「電子書籍がもたらす学校図書館の利用者サービスと学びの変容」向井惇子(2017年12月 秋季研究発表会)

電子書籍がもたらす学校図書館の利用者サービスと学びの変容

向井惇子
(立命館大学大学院文学研究科博士課程前期課程)

 本発表は、電子書籍を導入した学校図書館の導入事例から電子書籍が学校図書館の利用者サービスと生徒の学びにどのような影響を与えるかについて考察を行い、学校図書館の利用者サービスと学びの変容について考察する。本研究の目的は、学校図書館の視点から出版ビジネスが今後どのように展開していくのか、またそれに伴い学校図書館の役割がどのように変化するのかについて明らかにすることである。

 研究方法としては、事例分析を行う。事例分析の対象は、日本体育大学柏高等学校である。分析対象校は、2016年2月から日本電子図書館サービスの電子図書館サービス「LibrariE」を導入した。また、電子書籍を生徒に提供する電子図書館と従来型の紙媒体の図書や逐次刊行物等の図書館資料を閲覧・貸出に供する来館型図書館の2つの運営をおこなっている。利用者行動の変化がどのように顕在化し、それが生徒の学びにどのような影響を与えたのかを、利用統計とインタビュー調査によって明らかにした。

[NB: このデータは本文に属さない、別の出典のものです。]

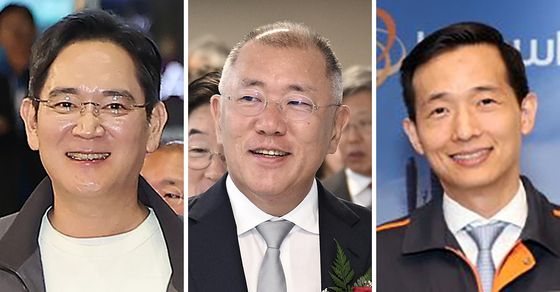 이재용, 정의선, 김동관(왼쪽부터)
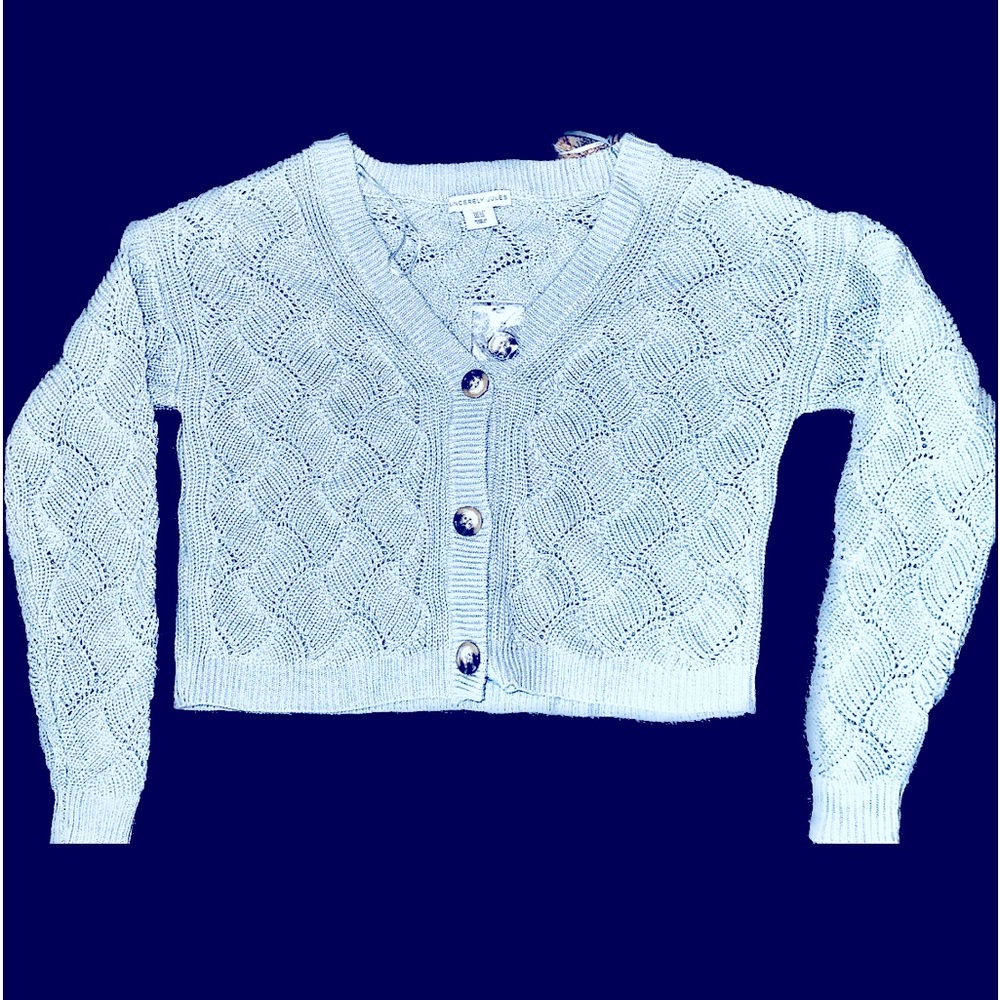 NWT, Cropped Button Up Sweater, XS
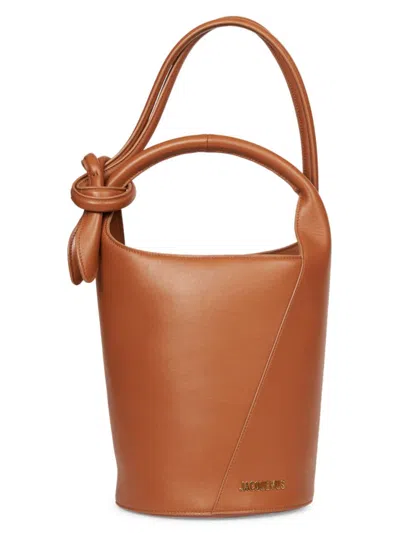 Jacquemus Women's Le Petit Tourni Leather Bucket Bag In Light Brown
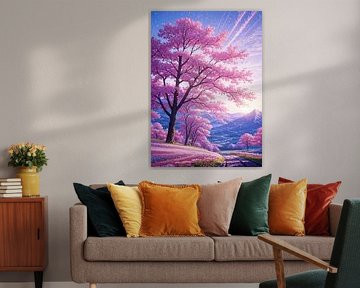 Sunset Mountain Cherry Blossom Sakura by Ruzerin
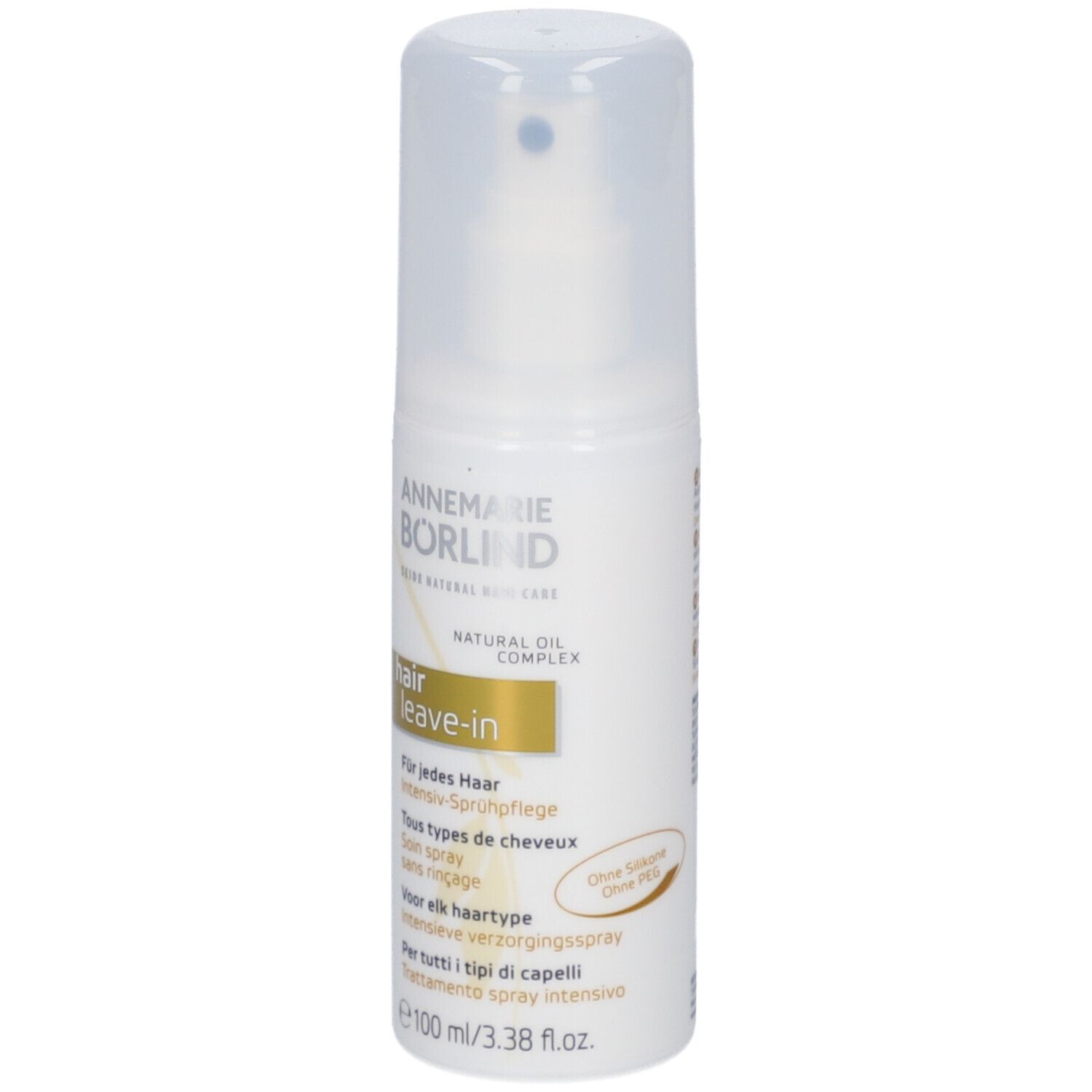 Weißes Spray mit Sprühkopf. Aufschrift: ANNEMARIE BÖRLIND, hair leave-in. Mehrsprachige Produktinformationen.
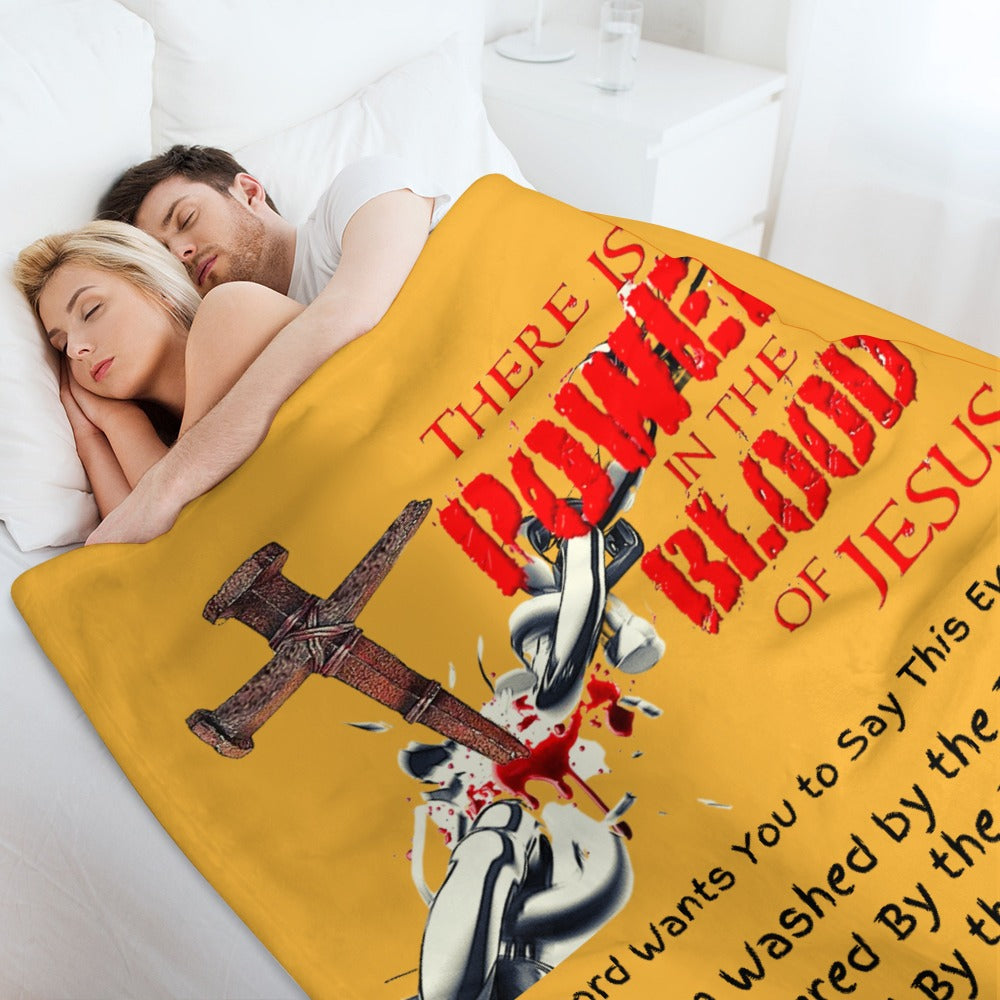 There's Power in the Blood of Jesus Custom super soft blanket Made in USA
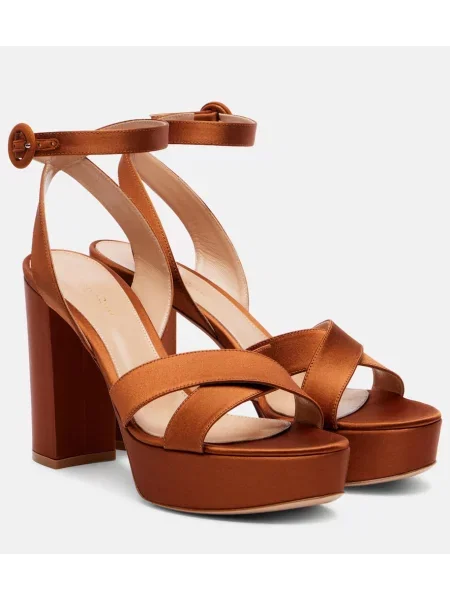 Sandale Gianvito Rossi din satin cu platformă maro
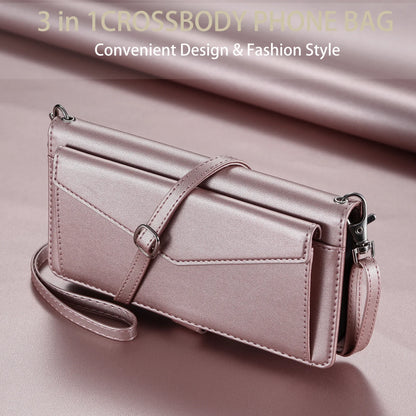 Crossbody Leather Wallet Case For iPhone17 16 Pro Air 16E 15 14 13 12 11 Pro Max XS XR SE 8 7 Card Solt Pocket Shoulder Cover
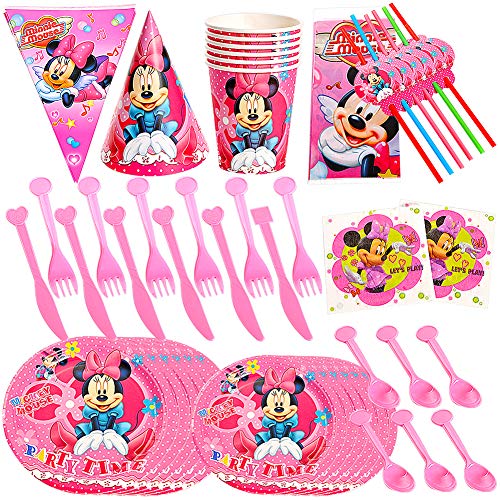 JPYH Set de Fiesta de cumpleaños de Mickey 60PCS Disney Mickey Mouse Party Decoration Set Platos Tazas Servilletas Pack de Fiesta reciclable Mickey Mantel Sirve para 6 Invitados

 日本体育大学柏高等学校は、来館型図書館(メディアセンター)を創設時より運営しており、1997年に現在の場所に移設した。メディアセンターの蔵書数は2017年10月25日時点で32,385冊である。また、電子図書館(日体デジタルライブラリー)は2016年5月より導入された。日体デジタルライブラリーのタイトル数は2017年11月1日時点で858タイトルである。そのうち、購入タイトルは726タイトル、独自タイトルは132タイトルであった。独自タイトルは主に、センター試験の過去問題、柏高等学校の進路指導部が発行している『未来を拓く』という進路指導用のコンテンツである。

 利用統計の結果として、導入初年度はメディアセンターの貸出冊数が電子図書館の貸出点数のほぼ2倍であったが、導入2年目の2017年度はメディアセンターと電子図書館の利用者数・貸出点数ともにほぼ同数であった。これは、「朝の読書活動」の時間に読まれる文芸書だけでなく、「卒業論文」や「進路指導部の資料」といった学校独自のコンテンツや「大学入試過去問題集」を電子図書館で閲覧できるようになり、アクセス制限なく貸出が可能になったことが考えられる。これに加え、電子図書館導入初年度の電子図書館ガイダンス率が平均30%であったのに対し、導入2年目は新入生には電子図書館ガイダンスを100%実施したことも要因の一つと考えられる。また、校舎内全域にWiFi環境を整備し、生徒・教職員全員がiPad-miniを使って電子図書館を利用できることも、在校生が電子書籍を多読することに貢献している。

 さらに、授業において電子書籍を積極的に利用する教員の存在も大きい。例えば、社会科において、定期的に情報が更新されるガイドブック等を使ってレポートを作成する授業がある。紙での書籍は情報が古いものがあるが、電子書籍では常に最新のコンテンツを用意することができる。過去、紙で受入を行ったガイドブックも来館型図書館にはあり、電子書籍での提供も行っている。生徒たちは、自身の好きな方法で情報にアクセスし、授業に参加していた。

 しかしながら、2学年から3学年に、1学年から2学年になる継続利用の生徒の利用率は、最大3分の1に減少していることが明らかになった。これは、導入2年目において、継続利用者の2学年、3学年に対し、電子図書館ガイダンスを実施しなかったためと考えられる。インタビュー調査を行った学校図書館司書教諭は「継続利用者へも引き続き学校図書館のガイダンスを行っていく」と述べている。

 学校図書館での電子書籍貸出サービスはまだ始まったばかりである。電子書籍の高校生向けコンテンツ数も未だ十分とは言えない。しかし、出版ビジネスにとっても新たな利用者の獲得や商用コンテンツの開発は重要な取り組みになると思われる。

 今回の調査から、電子図書館は探求型学習など、教育に寄与する学校図書館の新たな利用者サービスを広げる可能性があることが明らかになった。

 今後の課題として、電子出版を活用して学校図書館の利用者サービスの実証実験を行い、学校司書・学校図書館司書教諭や学校教職員、在学生に対してアンケート調査・インタビュー調査を通じて、学校図書館の今後の在り方について検討したいと考える。